The Prohibition years are the hotel's other layer of ghosts. Joe Parkhill ran the place from 1944 through the gambling era, and tour scripts include a brown-suited man in a derby spotted in the corridors. CC Brown's book "Ghosts of Perry House" identifies him as William M. Duncan, the original builder, who put the hotel up in 1905 with The Syndicate Company for $50,000. The grand opening on July 1, 1905, drew more than a thousand people to a ball that ran into the morning. Al Capone's sister, Mafalda Capone Mariote, is said to have stayed a month during Prohibition, though that one is regional folklore. No contemporaneous newspaper archive confirms it.
The Barefoot Ballroom on the roof is where the other named ghost lives. Her name is Elizabeth. The hotel keeps a porcelain doll called Boo-Belle propped up in the ballroom as company for her, a detail you can't fact-check but you also can't quite get out of your head once a staff member has shown it to you. Elizabeth is a young girl. She predates the 1948 origin of the Barefoot Ball, the radio-contest stunt where a couple won a vacation on the condition they stay barefoot. The 1955 Carroll County sheriff's raid on the ball ended the slot machines but left the doll.

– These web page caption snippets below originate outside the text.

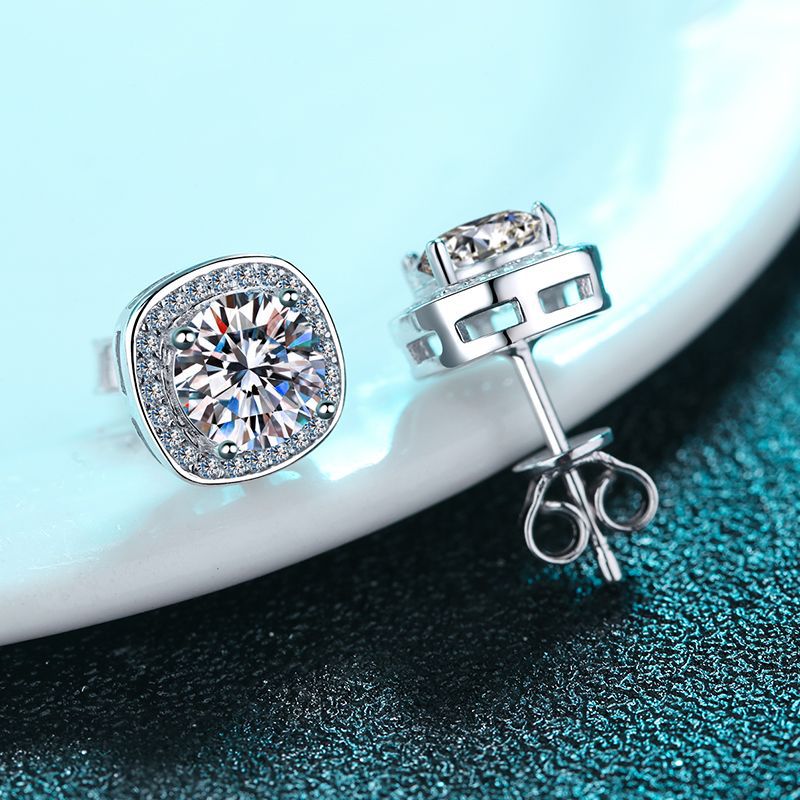 Round cut Moissanite Earrings in 925 Sterling Silver 1ct 2ct 4ct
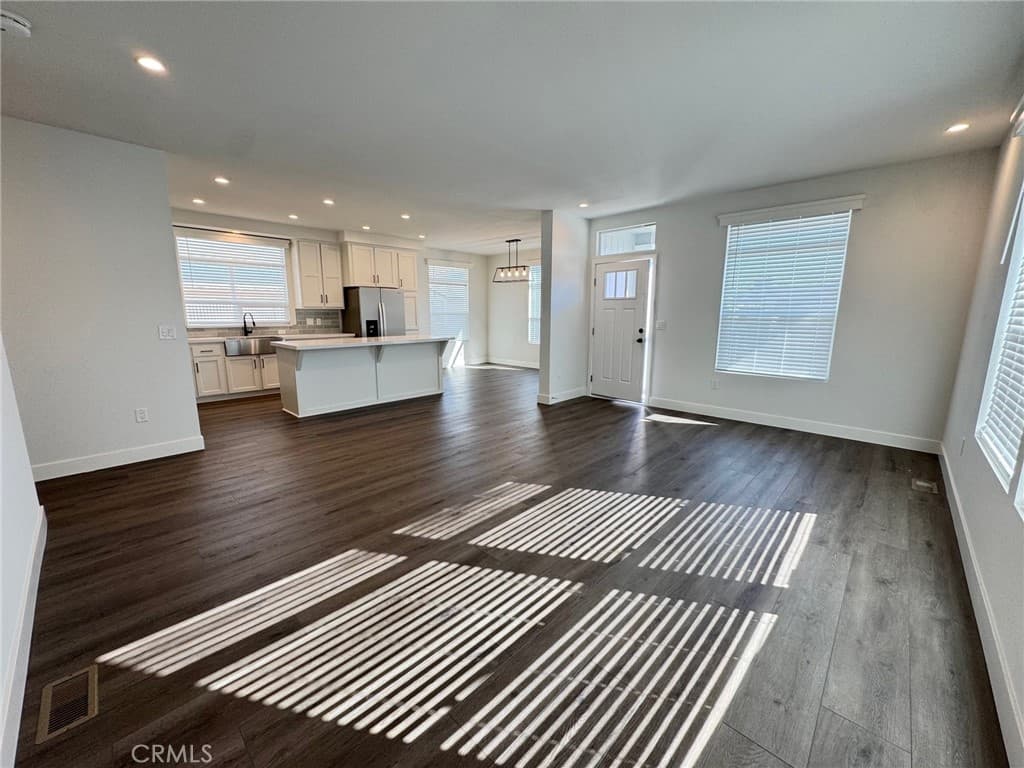 Home at 1630 W Covina Boulevard 29, San Dimas — photo 4 of 12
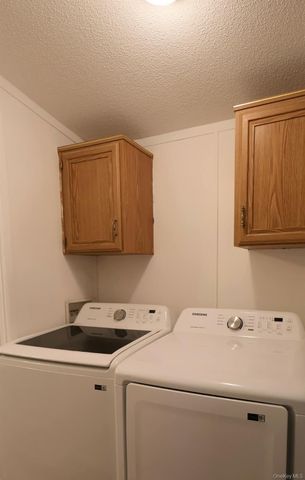 23 Oak St, Wurtsboro, NY 12790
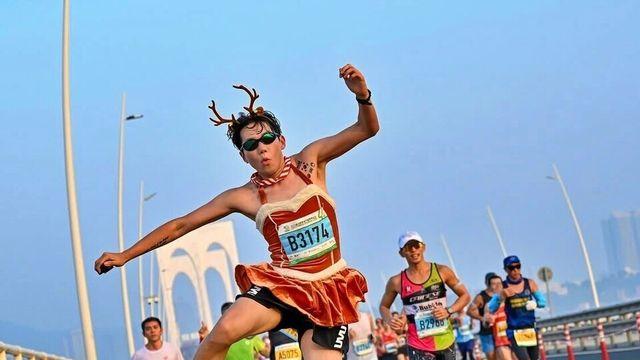 ‘런트립’으로 떠난 23명의 한국 러너, 마카오 국제 마라톤 완주!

Diane Newcomb is the hotel's resident paranormal investigator. She runs tours and overnight investigations at both Basin Park and the 1886 Crescent, which Marty and Elise Roenigk bought together. Phantom History's episode page on her describes her bluntly: "Tour guide Diane Newcomb has made a career out of collecting evidence of the paranormal activity there." Most of what is filmed at the hotel runs through her. Ghost Hunters and Ghost Adventures have both shot episodes here. The hotel does not name the episode numbers, and neither do regional outlets, so the TV credit floats without a date attached.

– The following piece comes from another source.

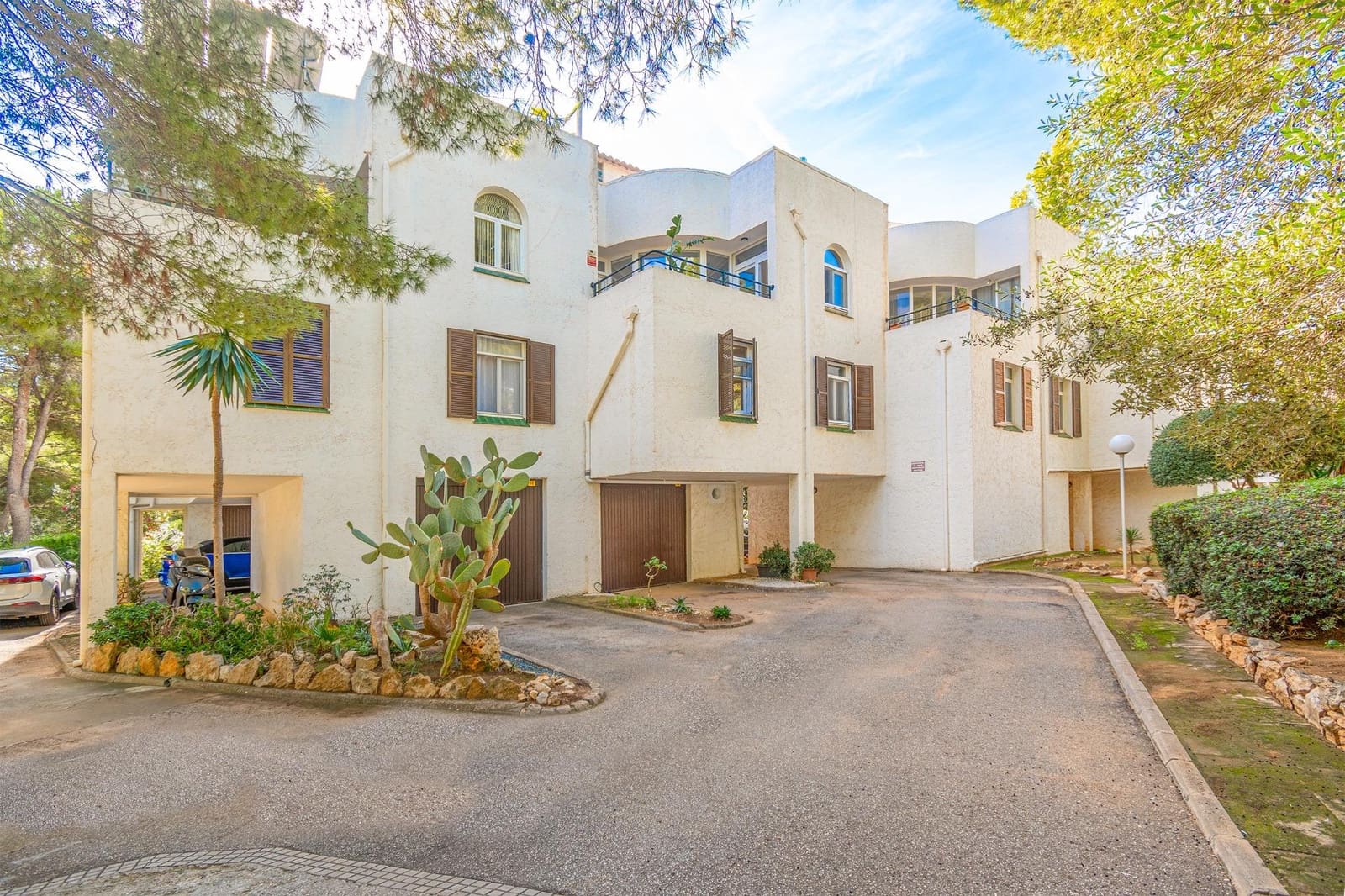 3 bedroom Apartment for sale in Sol de Mallorca with pool garage - € 646,000 (Ref: 9398531)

The hotel sits inside the Eureka Springs Historic District, on the National Register since December 18, 1970, on Spring Street looking down at Basin Spring. Basin Spring is what named the town, and local metaphysical shops still call it an energy vortex. The cure-all reputation that brought Chisum here in 1884 never quite went away. It just stopped being about water.

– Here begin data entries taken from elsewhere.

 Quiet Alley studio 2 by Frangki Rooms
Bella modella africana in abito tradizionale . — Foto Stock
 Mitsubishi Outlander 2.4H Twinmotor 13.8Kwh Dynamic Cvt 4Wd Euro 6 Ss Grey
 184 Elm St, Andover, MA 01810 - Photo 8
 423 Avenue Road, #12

Most haunted-hotel writeups are about a building and a few staff anecdotes. Basin Park is about a specific man dying in a specific bed on a specific December night, and a specific room number 121 years later where guests keep waking up at the same hour to the same figure in the same hat. The doctor in 310 turned around twice. There was nothing in the hallway either time. In the ballroom upstairs, Boo-Belle is still on her chair.